The big crash finally happened. Bitcoin lost more than 50% in its value in the past 48 hours and a lot of altcoins crashed even more aggressively. This explains how we can never be complacent in a market like this and we should always be on our toes. Previously when the oil market crashed and prices declined more than 30% in a day, I specifically said that there is no reason to think that this cannot happen in the cryptocurrency market. I was surprised that it happened this fast but I was definitely prepared for it. Now, to a lot of you that lost money the past 48 hours, I just want to say that BTC/USD has been through tough times before. There is a good chance that your investments will recover in value long-term and there is a lot to learn from this recent experience.
For starters, you may want to stop listening to the people that keep on being overly bullish on the market most of the time. These people have hundreds of thousands of followers. Why do they have such a large following? People want to believe that the market is going to shoot to the moon. Unfortunately, that is very immature and unrealistic. Most retail bulls don’t feel that way but I hope they have learned from the recent experience. A few weeks back while ETH/USD was trading well above $230 on Tradingview, I posted an analysis about a decline down to $50. Most of the comments there were overly negative and abusive. If you go and take a look at them now and you’ll find most of those people very silent all of a sudden because the price ended up falling towards $80.

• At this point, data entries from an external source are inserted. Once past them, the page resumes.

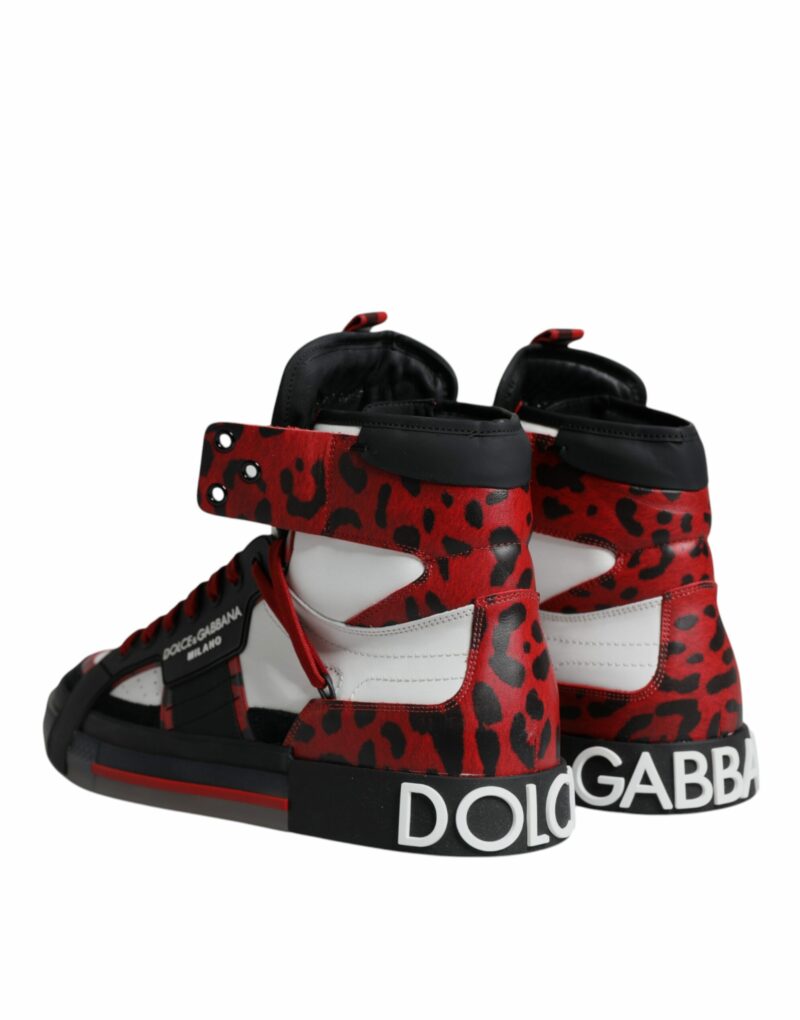 Dolce & Gabbana Multicolor Leather High Top Sneakers Shoes - Image 5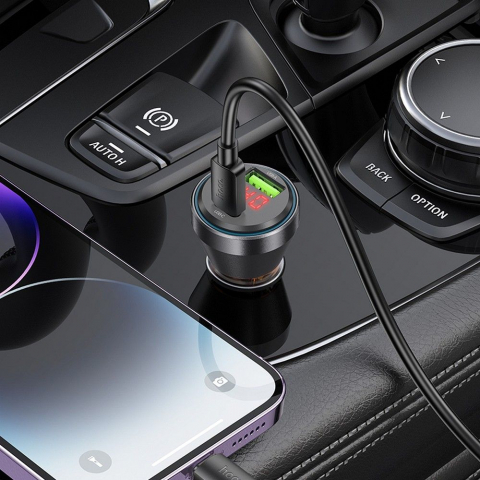 Încărcător auto Hoco NZ12B, 48W, USB-A + Type-C, afișaj LED + cablu Type-C la Lightning, transparent portocaliu [2]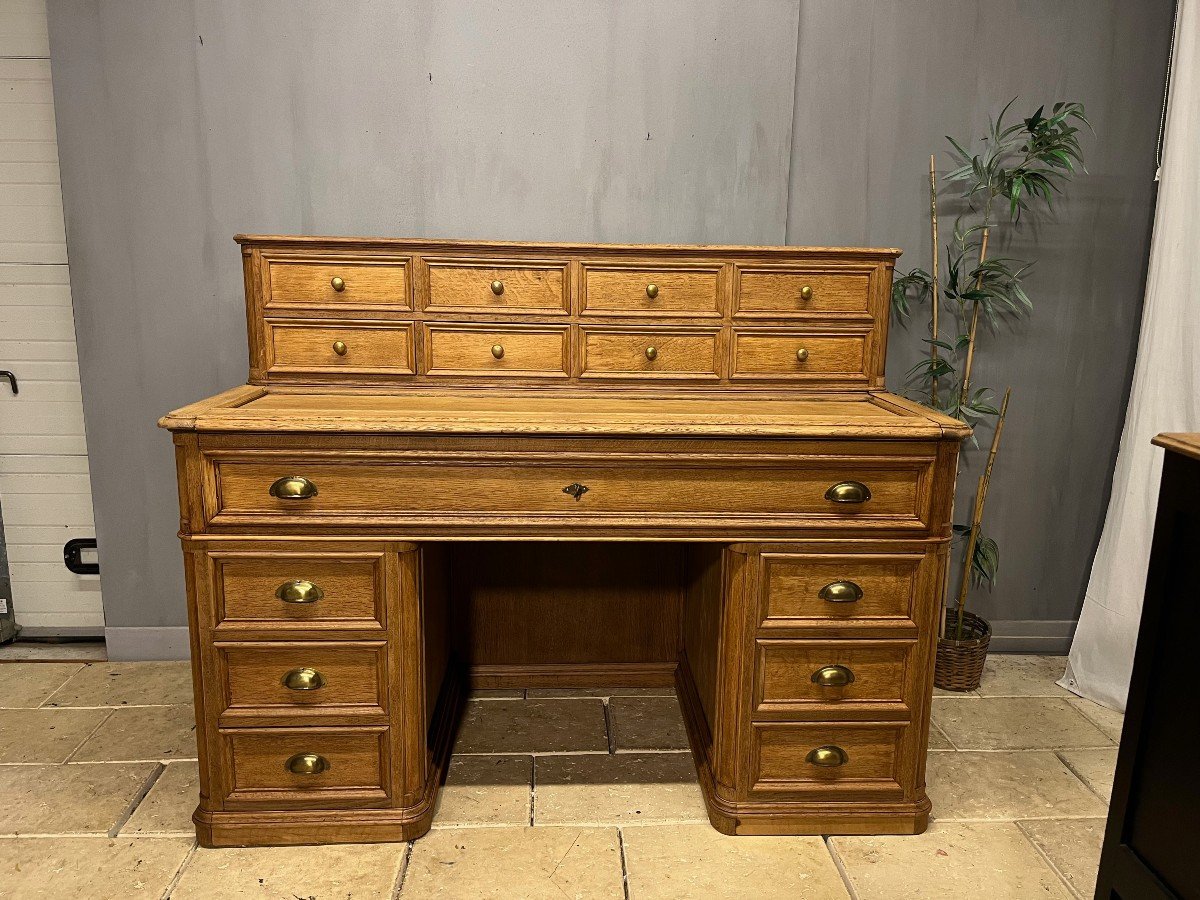 Large Oak Architect's Desk With Pedestals, Drawers, Secretary-photo-4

My purpose here is to serve the retail trader, to help equip the average trader with all my knowledge and experience to the best of my abilities. It does not concern me or bother me that I have been right and all these people have been criticizing me. I just hope they learn from this and stop listening to the people they have been listening to and start listening to the people that are more realistic and have an actual track record of being right.
The recent crash was not just about Bitcoin and the cryptocurrency market. We saw WTI Crude Oil (USOIL) decline below $30 and the S&P 500 (SPX) declined below the 200-week moving average. Most retail traders falsely believe that this is the first time it happened since 2008. That is simply not true. It has happened before and we have seen a rally follow after. Even in 2008 when this happened, we saw a rally towards the 50-week EMA first before the index began a definitive downtrend. With the FED planning to inject $1.5 trillion in the markets in just two days, I would not be surprised if we see a rally in the market in the near future. As for Bitcoin, this is certainly not the end. If there is one thing Bitcoin has done well throughout its trading history, it is to recoup its losses and surge higher long-term.